I really think there's something wrong with J, I think he is suffering from some kinda mental illness. Bipolar or something. I dont know. But he's the worst person to be there with them. He has no job anymore, Apparently he took a swing at someone he worked with.
I remember my uncle as being very placid. He was a copper and once walked into the middle of a gang stareout, talked to them and with in 40 minutes had got them to put away their guns and walk home.
This crazed quick to snap and lash out person is not the uncle I knew, not the brother my Mother knows.
I worry about her going there now, but she worries about Nan and Granddads safety more. What happens if he snaps with them?
It'd be good on the one hand as it'd be the final straw needed to break the camels back and get him out.
But it'd not be good for them. At all.

Tuesday, January 05, 2010

GAAAHHH



This India trip is starting to do my head in. In fact i'm starting to dread it. Its bad enough that we'll be spending the first week in an admittedly pretty but desolate part of India, where there seems to be nothing to do but yoga (stopping my plans to dive)
But then E who is flying in to join me for the next two weeks asked me "My manager at work, was gonna go with her bf, but they broke up, can I ask her to come too?"
Well I couldnt be a bitch so had to say yes, although I dont think i've ever met her.
Anyway, she's been pretty elusive when I've been asking her to meet me to arrange plans and now she's hit me with the fact that her and her mate have pretty much organised an iteniery to do in the two weeks.

Without consulting me.

So yeah, now I feel like i'm going to be tagging along in THEIR holiday, and I hate the people she works with, they're all very clique-y and I fear two weeks of doing nothing. Saying nothing.

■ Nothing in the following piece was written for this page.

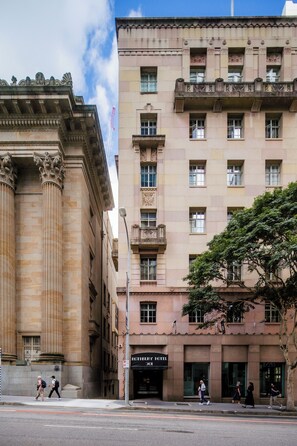 Front of property - Rothbury Hotel (Brisbane)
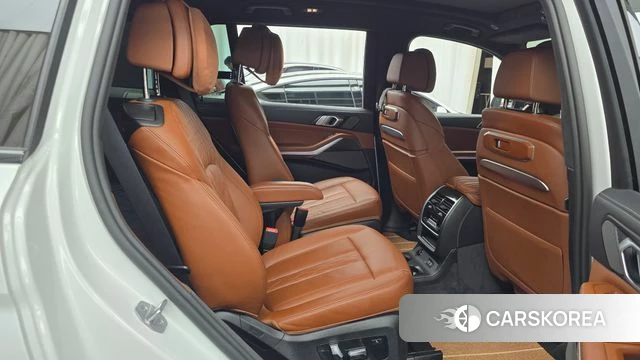 BMW X7 (G07) 2025 Белый из Кореи, фото 2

Soo. I shall be spending the first week sitting on a beach bored whilsy Welshy and his pals drink themselves stupid and BURN
And then the next two weeks feeling like a hanger-on.
Is it wrong for me to feel really pissed about this? Mother reckons i'm being a drama queen and I should be grateful I'm going anywhere (hinting that I'm a bitch for going and she isnt)

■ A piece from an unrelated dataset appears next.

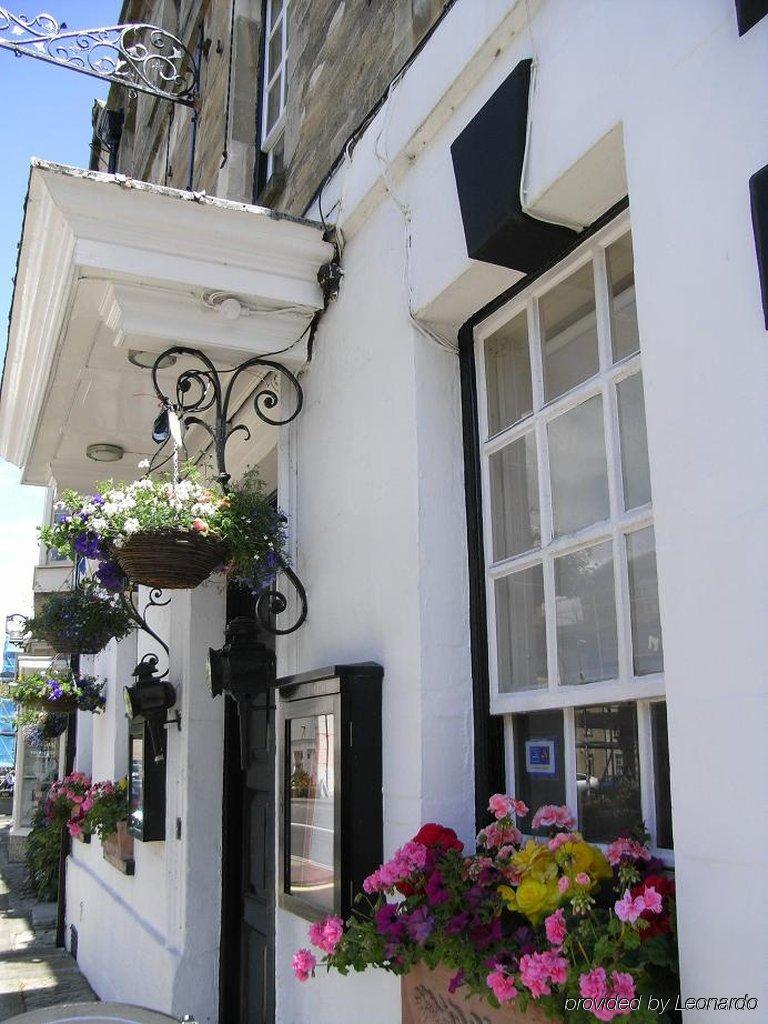 Отель Marlborough Arms Вудсток Экстерьер фото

I dunno. I'm really annoyed.


Tomorrow is the anniversary. I probably wont be able to blog about it due to a lack of working laptop.
I dont know how I feel about it. I feel sad and the ache is there when I think about it. but I have such a busy day with my interview and other injections and maths and shit to do that I dont know if I can think much about it then.


Saturday will be his birthday and we'll be out for the customary meal and we'll take it from there I guess.
And then in a weeks time I'll be flying out for better or for worst!

And incidently tuesday will be mine and Welshy's 3 year anniversary!! Hardcore!